The pay freeze would affect a few thousand workers in Rhode Island, and ultimately, the benefits of federal retirees who live here.

They work for more than a dozen agencies — touching the lives of residents here on a daily basis. Among them are: the Transportation Security Administration, the Social Security Administration, U.S. District Court, the Internal Revenue Service, the Federal Highway Administration, and the Veterans Administration.

About 10,200 federal workers call Rhode Island home, including 3,200 defense workers and 4,300 U.S. Postal Service employees. Not all of them would be affected directly, if at all, by a pay freeze. The military would be exempt and others are covered by collective-bargaining agreements that would not be subject to the salary directive.

“Of course, he’s playing politics,” said Derrick Thomas, a national vice present of the American Federation of Government Employees. Thomas oversees the federation’s 2nd District, which represents 100,000 federal workers in New England, New York and New Jersey. “He’s caving in to the Republicans, to the Cato Institute, to the Heritage Foundation, at the expense of his workers.

“It’s really disappointing.”

A pay freeze could affect thousands of federal employees for years to come as their retirement benefits are dependent on the “High 3,” the highest average basic pay they earn during any three consecutive years of federal service.

“I don’t think it’s quite right; we’re going to get slammed with that,” said Roland B. Sasseville, the current Pawtucket chapter president of the National Active and Retired Federal Employees Association. “If they freeze it now, [federal workers] are going to have a lull in their earnings.”

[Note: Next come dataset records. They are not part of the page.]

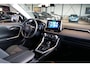 Toyota RAV4 2.5 Hybrid TREKHAAK | CARPLAY | STOEL/STUUR-VERWARMING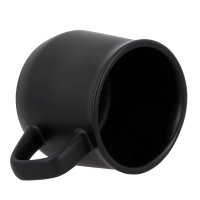 TAZA CERMICA MACTOSU 380ML
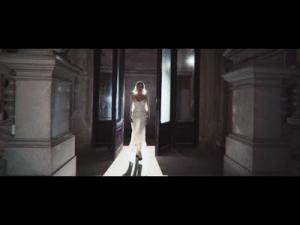 BLAHALOUISIANA – Nem vagyok egyedül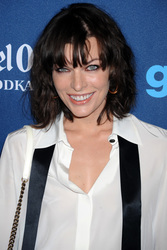 Glaad Media Awards Verleihung, New York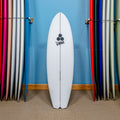 Channel Islands Bobby Quad PU/Poly 5'10"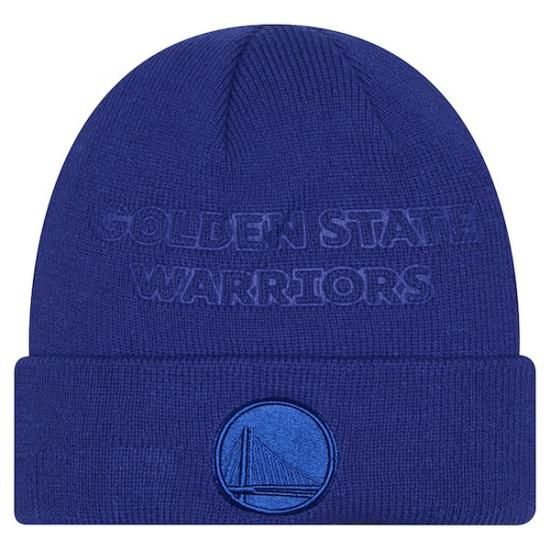 ǥ󥹥ƥȥꥢ ˥塼New Era ȡʥ ޤ֤ ˥å˹ -  ᡼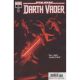 Star Wars Darth Vader #30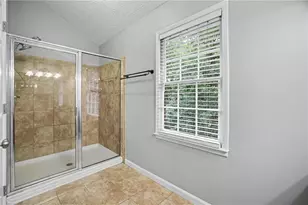 1033 Atherton Ln, Woodstock, GA 30189 - Photo 25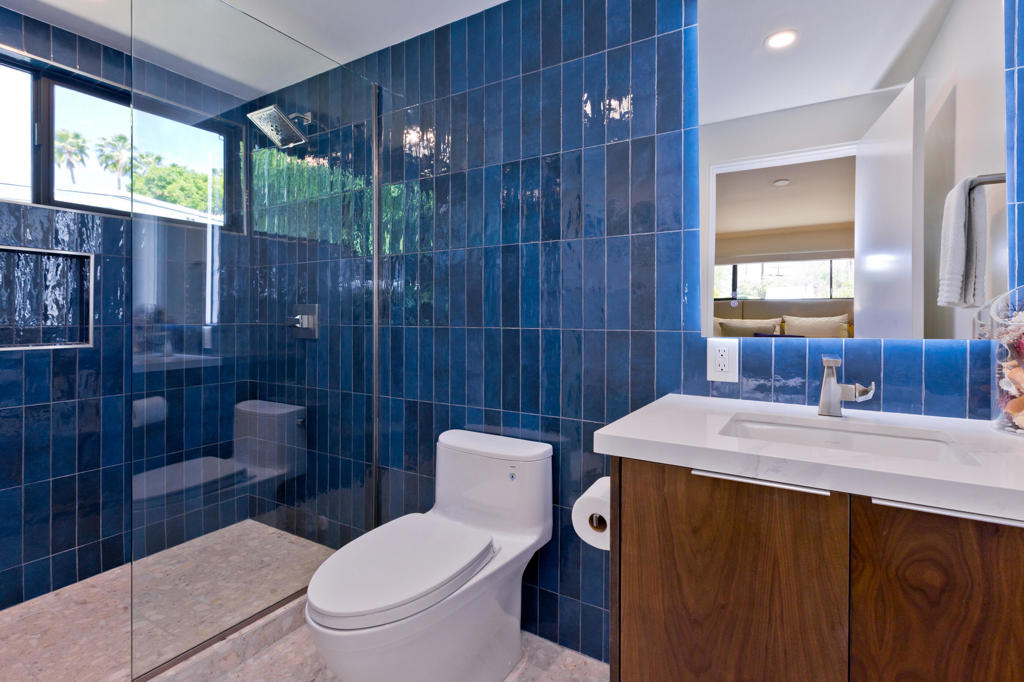 1060 S Paseo De Marcia Property Photo 33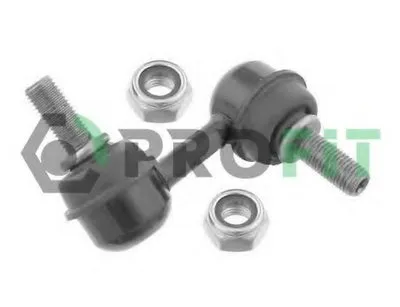 Тяга / стойка, стабилизатор PROFIT купить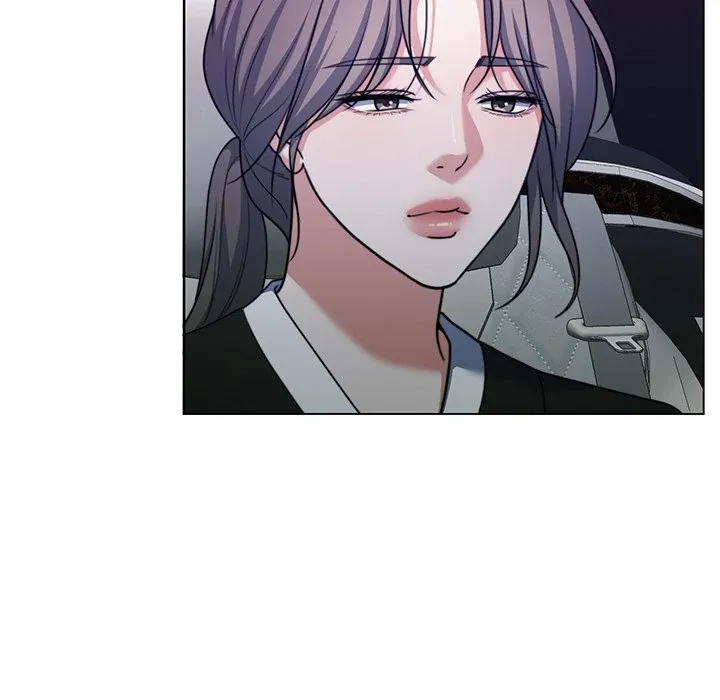 Pregnancy Contract Chapter 50 page 17 - 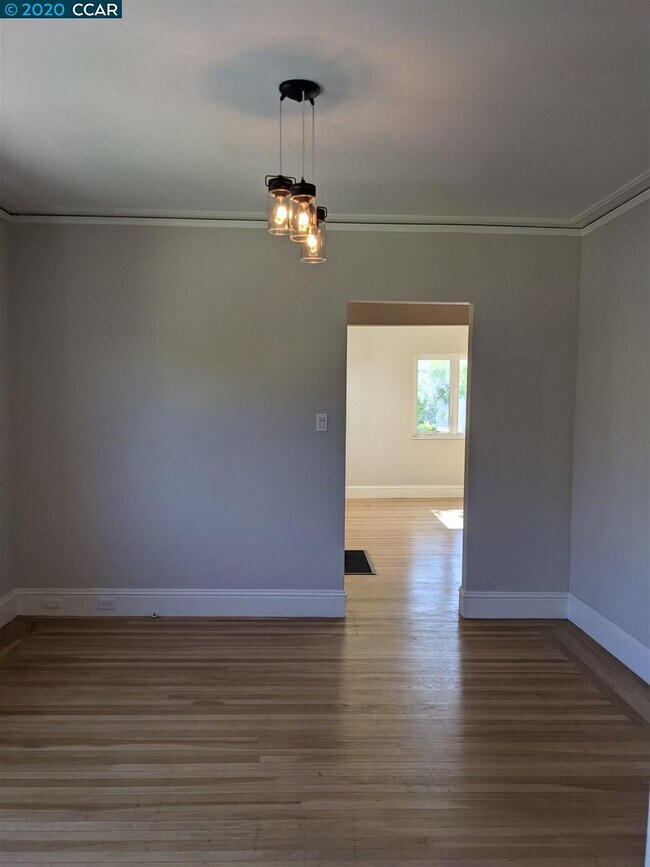 Foto del edificio - 600 62nd St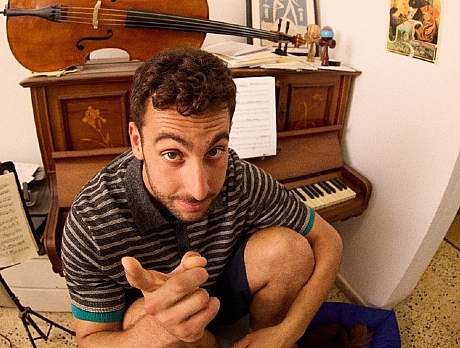 אדווה דרור אדווה דרור
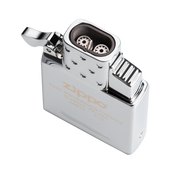 Zippo Double Flame Butane Insert 65827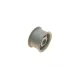Комплект ГРМ Opel Omega B/Vectra A/B 2.5/3.0 94-01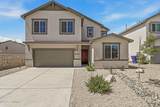 3164 Sunset Trails Road - Photo 1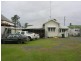 Nabiac NSW 2312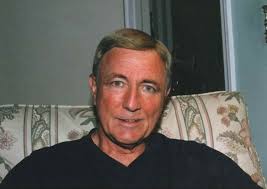 James Earl Linck Obituary January 8, 2023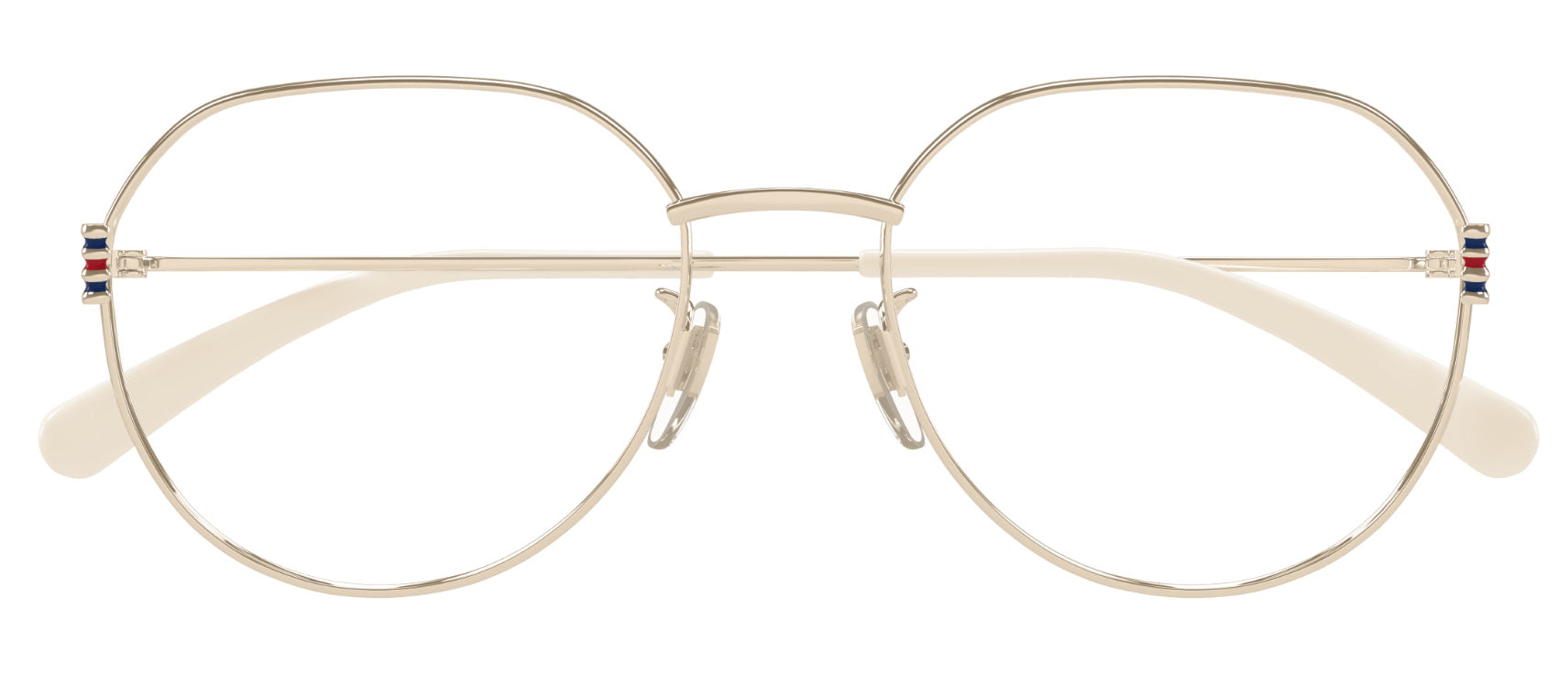 Brille Gucci Fork GG1675OK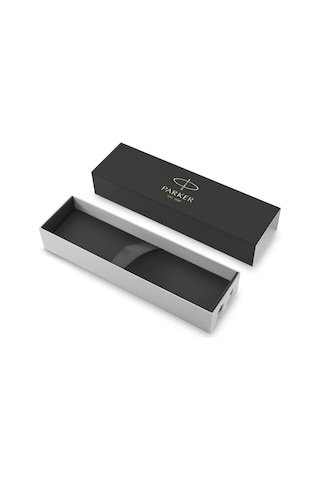 Çeliklerkırtasiye Parker Jotter Original Ct Dolma Kalem Beyaz 2096896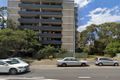 Property photo of 21/24-32 Council Street Bondi Junction NSW 2022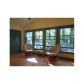 4053 Morgan Road, Tucker, GA 30084 ID:4225045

Sasseville is a retired postal worker. The active members of the American Postal Workers Union, which represents 220,000 postal workers across the country, currently are working under a contract that expires Wednesday. The union is part of the AFL-CIO.

“Today’s announcement … is bad for the middle class, bad for the economy and bad for business,” said Richard Trumka, president of the AFL-CIO. “The president talked about the need for shared sacrifice, but there’s nothing shared about Wall Street and CEOs making record profits and bonuses while working people bear the brunt.”

Worker representatives said they’ll do what they can to blunt the pay-freeze plan though, Derrick Thomas, of the government employees’ federation, acknowledged they face an “uphill” battle to kill the proposal outright.